Una contradicción insuperable y exigencias prácticas, entre tanto, no dejan subsistir una sólo aparente generosidad de esa tolerancia y del pluralismo de los regímenes polí- ticos actuales. La agnosia del Estado choca al máximo con una antropología trascendente. No hay término medio posible: la inmanencia es ya una contratrascendencia y no un imposible punto intermedio de neutralidad. De ahí que las prácticas laicistas nunca sean efectivamente neutras: en la medida en que se revelan inmanentes, se sitúan como antitrascendentes. Encontramos ilustración, e impresionante, de lo que decimos cuando –bajo capa de «neutralidad»– los Estados que se afirman laicos e indiferentes de Dios dicen que mandan conductas «neutras» (por ejemplo, la «neutra» retirada de los crucifijos del espacio público), cuando lo que hacen en realidad es prescribir o imponer la observancia práctica teofóbica del laicismo.
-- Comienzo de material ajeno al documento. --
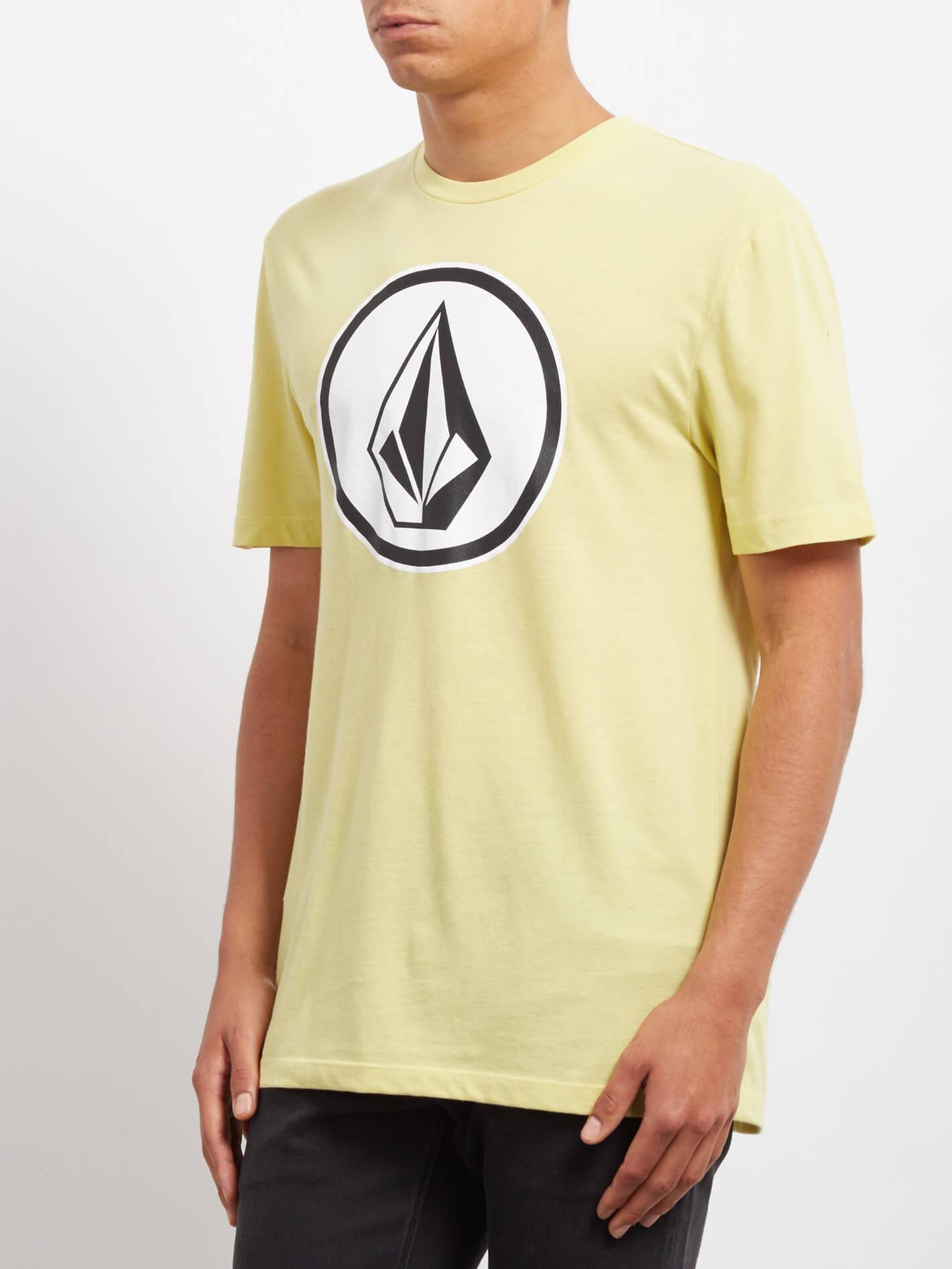 Claic Stone T-shirt - Acid Yellow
Por otra parte, ningún estímulo a la tolerancia, por si sólo, sería apto para el adiestramiento efectivo en una nueva ideología moral: pues no bastaría ser tolerante con las viejas prédicas de la tradición si, a fuerza de su sensatez, esas prédicas tienden a restaurarse por el rigor de su discurso lógico.

Se comprenden, entonces, las razones por las que la docencia cívica relativista, pudiendo tolerar casi todo, no se muestre animada a tolerar la «intolerancia» de Dios y de Sus verdades.